Recent TP case: Economic rationality of some intra-group services

In a recent case, the Luxembourg Tax Authorities challenged the limited risk service approach used by a Company in Luxembourg to justify a remuneration allocation to an associated Company located in Switzerland.

Here some key points of this case:

A. Tax problem

On 22 June 2020, the Luxembourg tax authorities (LTA) informed to the Company A the payments performed to Company D concerning to some variable remuneration during the fiscal year 2015, 2016 and 2017 are not deductible for tax purposes because there is not economic justification.

B. Background

The Company A is a distributor of several pharmaceutical products in Luxembourg.

The Company D is a distributor of several pharmaceutical products in Switzerland.

In 2014, the rights and obligations of Company D's pharmaceutical contracts were transferred to Company A. The transfer included variable annual remuneration: payments made from Company A to Company D, determined by:

➡ product turnover generated by Company A,
➡ minus operational costs of Company A and a
➡ 4% profit margin of Company A.

C. LTA's main arguments

LTA contested Company A's lack of evidence regarding Company D's commitment and responsibility for operational risks post-formation. Company A presented operating expenses, including marketing, salaries, and other costs, contrasting with Company D's minimal overheads, devoid of similar expenses or remunerations.

D. Company A's main arguments

Company A negotiated significant concessions from Company D, reducing risks and securing favorable terms during the transfer of main contracts. Despite this transfer, Company D retained the primary obligations and strategic decision-making, including financial responsibilities and transaction risks, as confirmed by a transfer pricing study. According to this analysis, Company A functions as a limited risk distributor and legal asset owner, justifying routine remuneration, while the residual profit allocation belongs to Company D.

E. Tribunal decision

The Administrative Tribunal ruled in favor of Company A, validating the deductions.

The LTA can appeal the decision (role number 46054 dated 14 of June 2023).

F. Takeaways

This audit case allows us to have a view on the recent trends of transfer pricing audits of intercompany services in Luxembourg.
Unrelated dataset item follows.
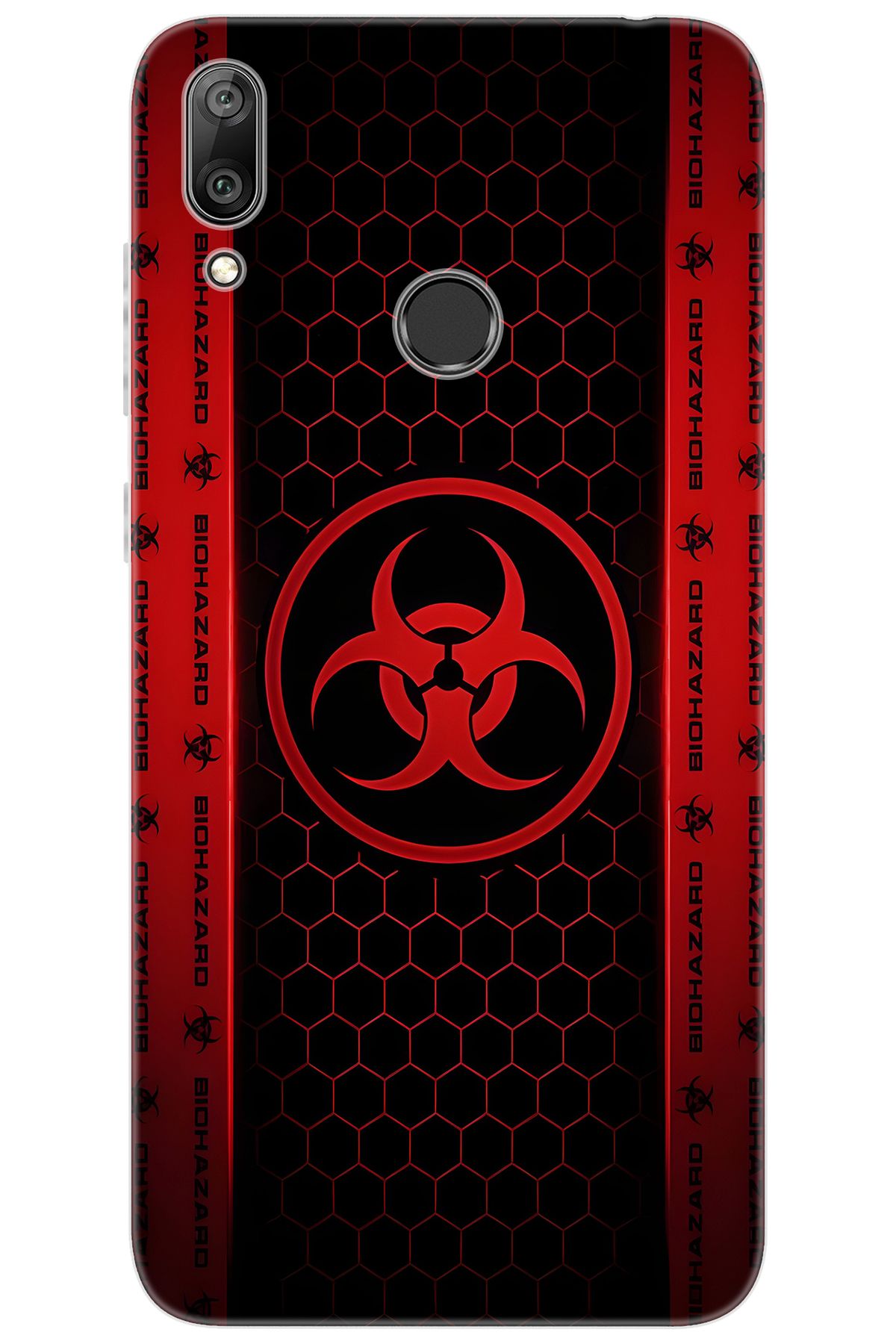 Ceppare Huawei Y7 Prime 2019 (DUB-LX3) Uyumlu Kılıf Desen Baskı Silikon Biohazard STK:754 CP-FIxEOB4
This case confirms the importance of:

  • Performing a selection of the business model of the tested party should be in line with the actual conduct of the related parties and the economic rationality of the transactions.
  • Checking the alignment of functionalities expressed in transfer pricing documentation with the actual conduct of the related parties.
  • Confirming that the arm’s length remuneration is in accordance with the actual conduct of the related parties.
  • Validating the proper application of the transfer pricing policy within the Group.